Befürchtet die Bundesregierung durch die mögliche Einführung eines E-Labels für Wein und weinhaltige Getränke konkrete negative Effekte für
a) die herstellenden Betriebe, und wenn ja, in welchem betriebswirtschaftlichen Ausmaß,
b) die interessierten Verbraucher, und wenn ja, welche Gruppe wäre nach Kenntnis der Bundesregierung besonders betroffen, und wie groß ist diese Gruppe anteilig an der Bevölkerung Deutschlands,
c) die deutsche Weinwirtschaft, und wenn ja, in welchem betriebswirtschaftlichen Ausmaß?

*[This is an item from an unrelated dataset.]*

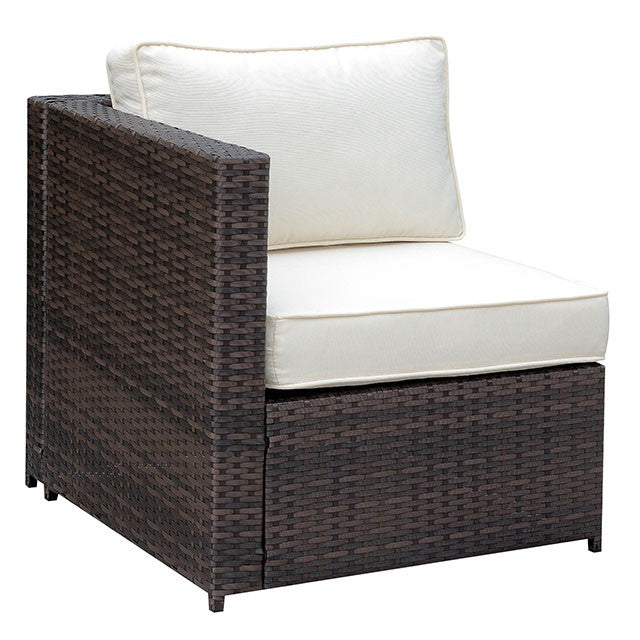 Ilona Left Arm Chair - Furniture 4 Less Outlet (Salinas,CA)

Erkennt die Bundesregierung durch die mögliche Einführung eines E-Labels für Wein und weinhaltige Getränke konkrete positive Effekte für
a) die herstellenden Betriebe, und wenn ja, in welchem betriebswirtschaftlichen Ausmaß,
b) die interessierten Verbraucher, und wenn ja, welche Gruppe wäre nach Kenntnis der Bundesregierung besonders betroffen, und wie groß ist diese Gruppe anteilig an der Bevölkerung Deutschlands,
c) die deutsche Weinwirtschaft, und wenn ja, in welchem betriebswirtschaftlichen Ausmaß?

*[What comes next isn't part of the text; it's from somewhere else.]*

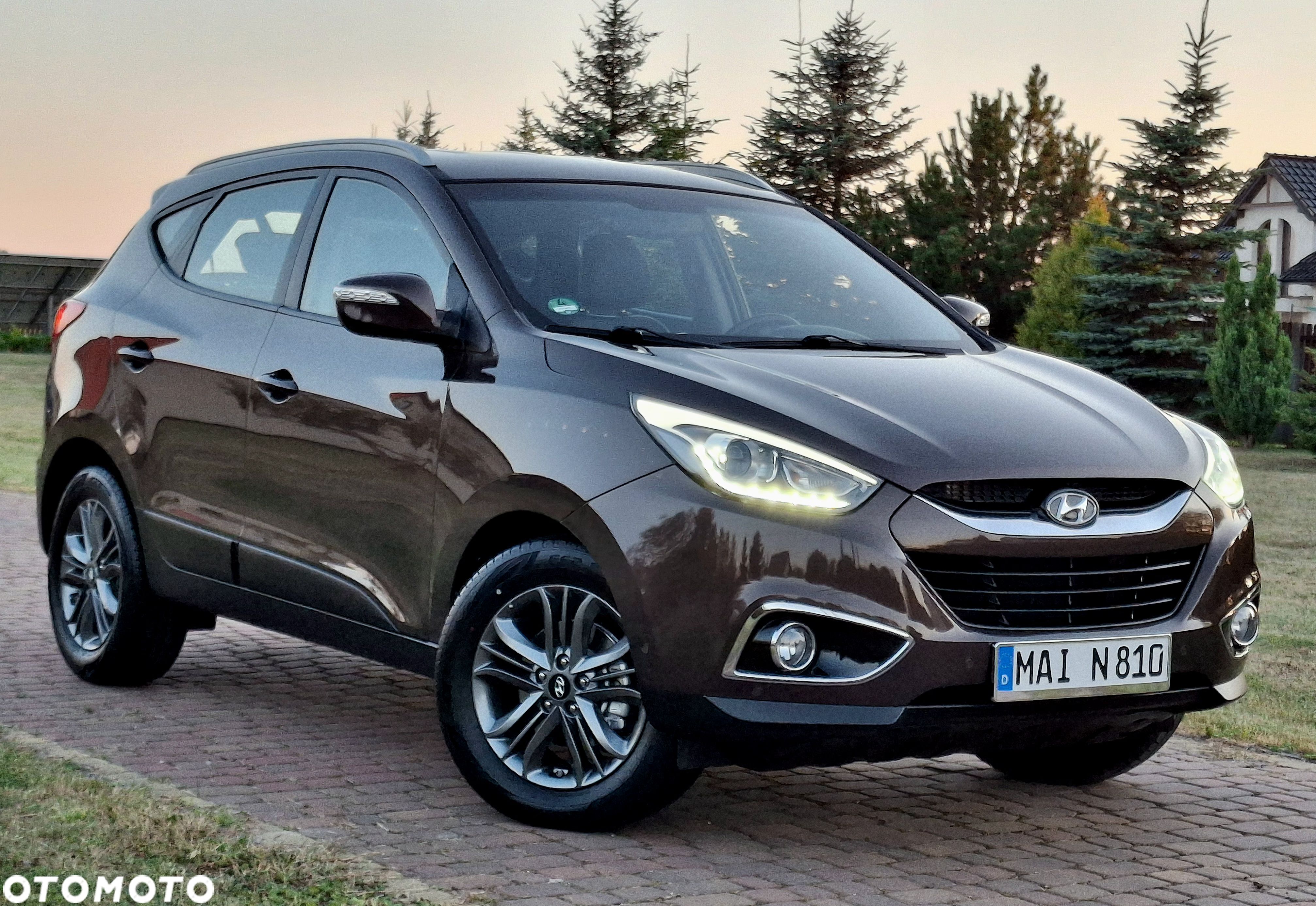 Hyundai ix35 2.0 CRDi 4WD Automatik Premium - 1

Erkennt die Bundesregierung in der erstmaligen europaweiten Einführung eines E-Labels im Lebensmittelbereich die Chance, wichtige Erkenntnisse für weitere verbraucherfreundliche Verbesserungsmaßnahmen durch digitale Lösungen in eben diesem Bereich erlangen zu können?
Wie bewertet die Bundesregierung die Verbreitung von QR-Code-Lösungen im Alltag vor dem Hintergrund, dass sich während der Corona-Pandemie in mehreren Bereichen des Alltags innerhalb kurzer Zeit digitale Lösungen etabliert haben, darunter auch der Einsatz des QR-Codes, etwa bei der Corona-Warn-App des Bundes, der Luca-App zur Kontaktnachverfolgung oder bei digital aufrufbaren Speisenkarten in Restaurants?